§ **Work task**: Whenever the word "with" shows up in a line of the data, copy that line.

§ **Data for this task**:
BEGIN

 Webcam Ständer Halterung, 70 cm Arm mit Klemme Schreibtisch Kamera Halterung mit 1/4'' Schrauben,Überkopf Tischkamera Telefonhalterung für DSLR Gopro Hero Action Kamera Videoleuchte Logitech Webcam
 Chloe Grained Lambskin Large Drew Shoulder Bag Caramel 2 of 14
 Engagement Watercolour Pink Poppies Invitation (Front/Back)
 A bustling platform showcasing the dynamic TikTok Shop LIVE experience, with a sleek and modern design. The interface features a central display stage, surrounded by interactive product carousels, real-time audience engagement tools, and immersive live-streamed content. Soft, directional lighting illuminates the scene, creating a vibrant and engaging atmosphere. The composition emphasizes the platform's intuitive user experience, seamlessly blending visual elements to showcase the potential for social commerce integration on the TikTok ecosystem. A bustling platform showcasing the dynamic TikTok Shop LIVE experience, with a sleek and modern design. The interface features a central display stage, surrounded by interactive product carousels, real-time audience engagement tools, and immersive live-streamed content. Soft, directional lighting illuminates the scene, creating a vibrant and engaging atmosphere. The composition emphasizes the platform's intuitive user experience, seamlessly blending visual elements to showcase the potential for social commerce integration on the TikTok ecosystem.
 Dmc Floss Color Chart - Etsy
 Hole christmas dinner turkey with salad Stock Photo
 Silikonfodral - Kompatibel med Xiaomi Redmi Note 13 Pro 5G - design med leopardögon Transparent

END
BEGIN

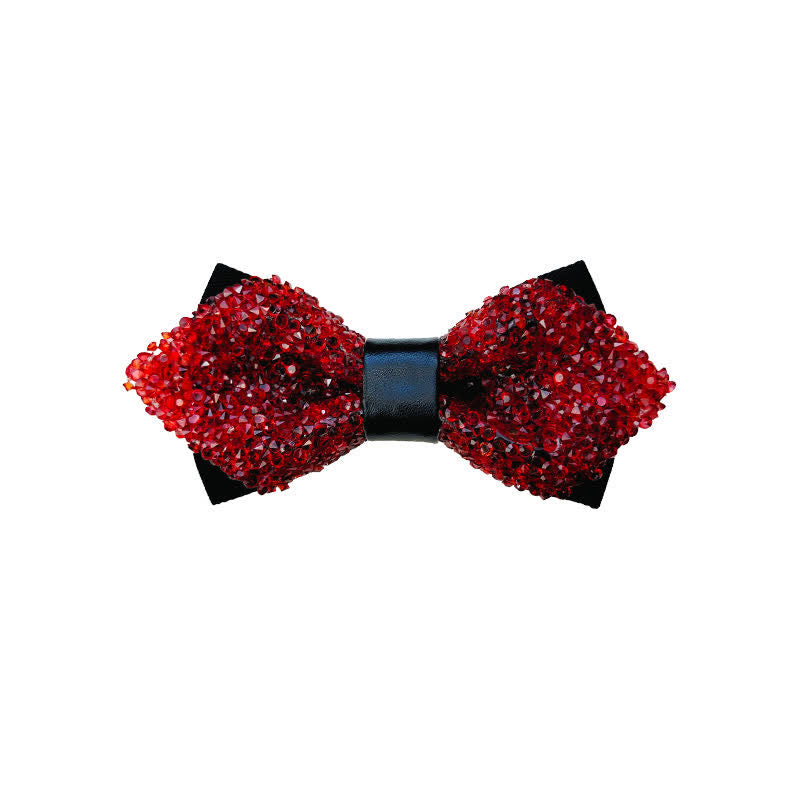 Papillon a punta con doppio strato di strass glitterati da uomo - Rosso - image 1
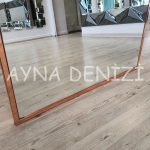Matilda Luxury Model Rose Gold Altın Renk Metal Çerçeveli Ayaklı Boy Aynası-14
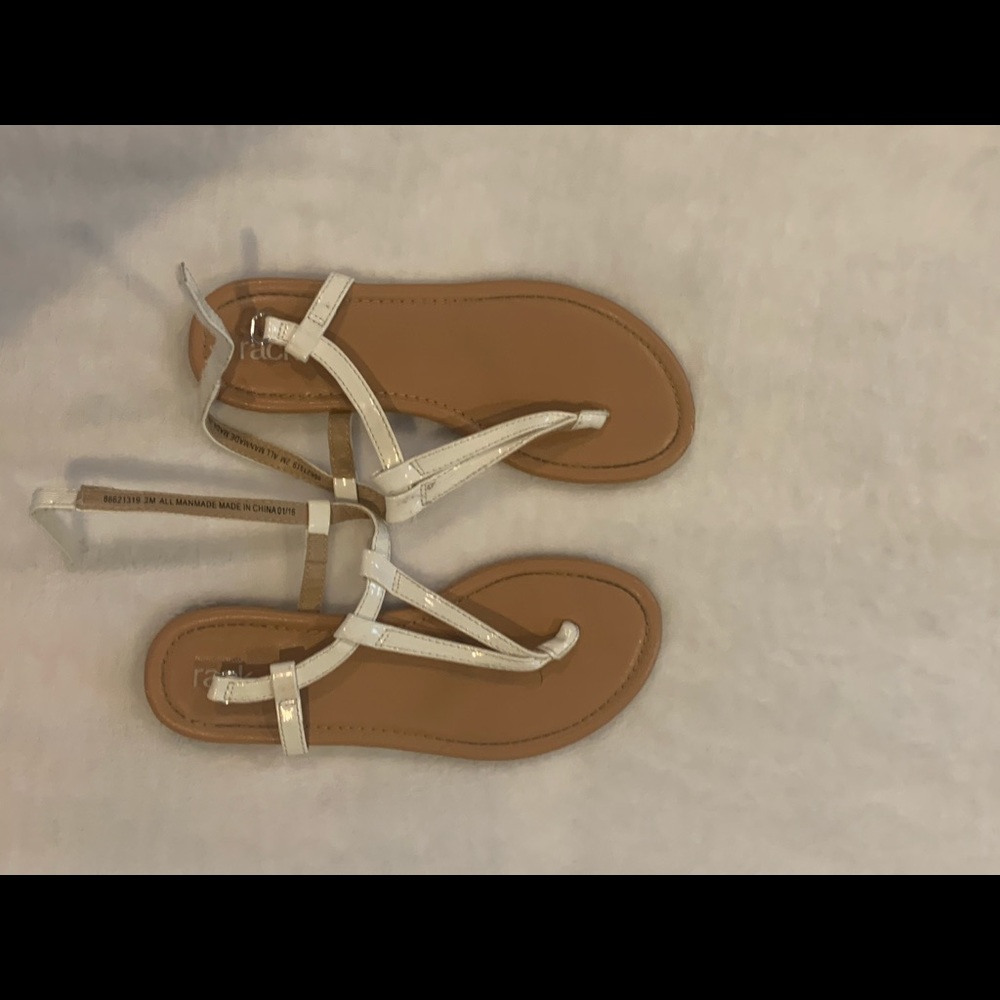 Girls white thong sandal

END

§ **Response to this task**:
 A bustling platform showcasing the dynamic TikTok Shop LIVE experience, with a sleek and modern design. The interface features a central display stage, surrounded by interactive product carousels, real-time audience engagement tools, and immersive live-streamed content. Soft, directional lighting illuminates the scene, creating a vibrant and engaging atmosphere. The composition emphasizes the platform's intuitive user experience, seamlessly blending visual elements to showcase the potential for social commerce integration on the TikTok ecosystem. A bustling platform showcasing the dynamic TikTok Shop LIVE experience, with a sleek and modern design. The interface features a central display stage, surrounded by interactive product carousels, real-time audience engagement tools, and immersive live-streamed content. Soft, directional lighting illuminates the scene, creating a vibrant and engaging atmosphere. The composition emphasizes the platform's intuitive user experience, seamlessly blending visual elements to showcase the potential for social commerce integration on the TikTok ecosystem.
 Hole christmas dinner turkey with salad Stock Photo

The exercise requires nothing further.